Há poucos anos, muita gente torcia o nariz para uma paleta de sombras com tons de verde. Esse era o caso da maquiadora holandesa Nikkie de Jager, mais conhecida pelo seu canal no YouTube, NikkieTutorials. Com quase 14 milhões de inscritos, a beauty artist disparou em 2018: “O verde é a cor que menos gosto para maquiagens – e na vida, em geral”. Membro da chamada geração Y, ou millennial, ela se dava muito melhor com o cor-de-rosa acinzentado que dominou a cartela dos nascidos entre 1981 e 1996.
O tal do “rosa millennial” foi um hit dos anos 2010. Era o tom que pintava as embalagens da marca de beleza hypada da estadunidense Emily Weiss, a Glossier. Era a cor das sacolas da igualmente famosa grife de roupas Acne Studios. Era o que se via nas toucas de tricô com orelhinhas usadas nas marchas feministas dos Estados Unidos. De acordo com o estrategista de cultura digital e futurólogo Felipe Teobaldo, a cor estava em todo lugar e representava uma subversão velada, um desejo por parte dos millennials de começar um diálogo com a sociedade em prol de um mundo melhor.
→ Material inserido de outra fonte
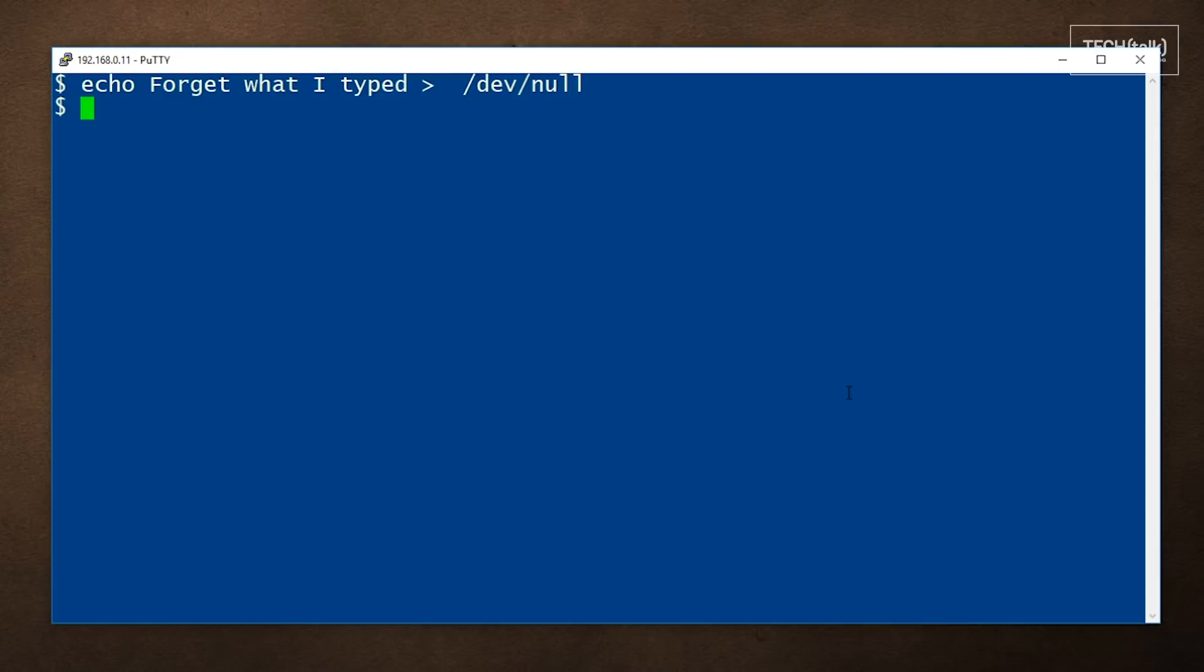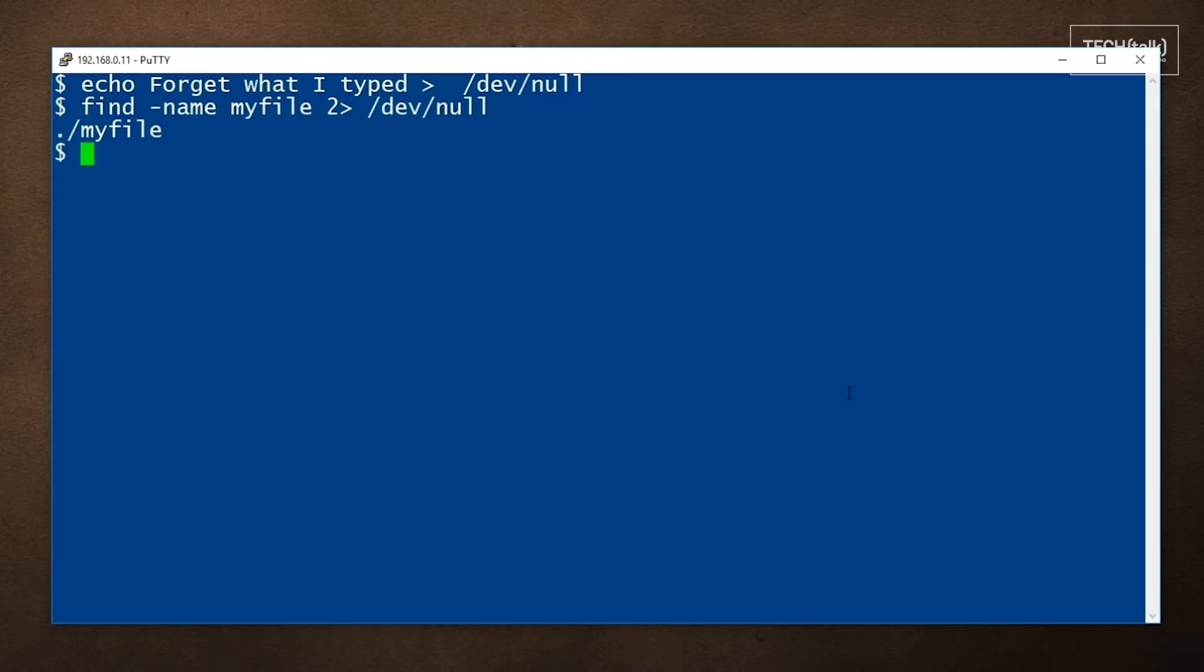In this example, we find the file that we're looking for, but we're redirecting the standard error. That's what the two greater than sign represents to DevNull.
“O conflito de gerações sempre existiu”, lembra Rafael Cazes, sócio e diretor criativo da agência Hardcuore, especializada em design para o futuro. “Não à toa, o verde geração Z e o rosa millennial são cores opostas no círculo cromático e que, na cultura, também batem de frente.” Segundo a pesquisadora de tendências Nina Grando, contudo, as duas cores carregam sentidos parecidos, mas em diferentes intensidades. “Os debates sobre feminismo e sobre padrões de beleza que começaram a ser representados por essa nova interpretação do rosa seguem com a geração Z. Eles, por sua vez, vão além, flertam com o estranho, com o desconhecido e, por isso, propõem novos mundos radicalmente diferentes do que esse com o qual nos acostumamos. É daí que vem essa preferência pelo verde.”
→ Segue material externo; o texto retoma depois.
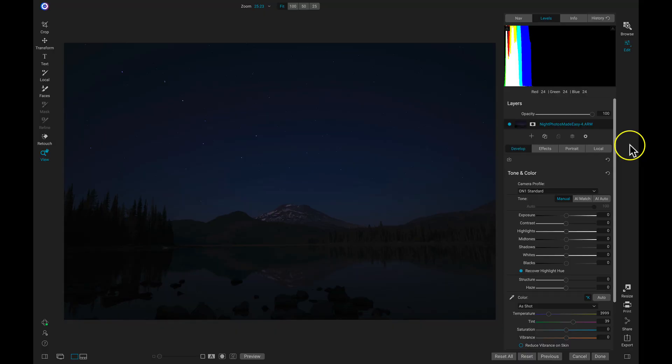Hey everyone. In this video we're gonna dive deep into some nighttime photography edits. So let's jump right in and get started.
“Não à toa, o verde geração Z e o rosa millennial são cores opostas no círculo cromático e que, na cultura, também batem de frente.” Rafael Cazes, sócio e diretor criativo da agência Hardcuore
Vale também lembrar que o verde gen Z não fala sobre a natureza da perspectiva do relaxamento ou do escape urbano. Ao contrário disso, esse tom vibrante funciona como um alerta para as questões ambientais que atormentam as possibilidades de futuro desses jovens. “Pela primeira vez, vemos uma geração que não assume o futuro como fato cultural. O futuro, para eles, é uma dúvida, e não uma certeza”, aponta Felipe. “O mal-estar é a pauta dessa geração. O verde, nesse sentido, vem para escancarar o desejo de ressignificar o mundo”, continua. Nina acredita que há uma veia punk nessa escolha cromática: “Estamos falando de experimentação, de um questionamento da binariedade (nem ‘azul de menino’, nem ‘rosa de menina’). Esse tom de verde tem algo de sobre-humano, de ultratecnológico”.
Em abril deste ano, o produto mais vendido da MoNA, marca independente de maquiagem da carioca Julia Tartari, foi o cremoso multifuncional verde. “Acho que a tendência é que as pessoas vejam a maquiagem como uma ferramenta criativa, e que se perca no passado essa ideia de que ela é feita para corrigir ou padronizar as nossas identidades”, pontua a beauty artist fundadora da empresa. De fato, essa movimentação “antimake de bonita” só está acontecendo devido à rebeldia bem-vinda da geração Z, como já explicamos nesta reportagem no site da ELLE.
Depois do sucesso das belezas de Doniella Davy, em Euphoria (série da HBO que retrata os dramas da vida da geração Z nos Estados Unidos), já aprendemos que a maquiagem tem que ser sobre criatividade, autoexpressão e diversão. “É o passatempo mais queridinho do momento”, diz Carolina Zaia, treinadora e maquiadora da Sephora, referindo-se ao período de isolamento social devido à pandemia do novo coronavírus. “As pessoas estão se permitindo misturar produtos, testar cores antes impensáveis para maquiagem. Vale tudo!”, declara. Que tal se abrir também ao mundo novo do verde geração Z?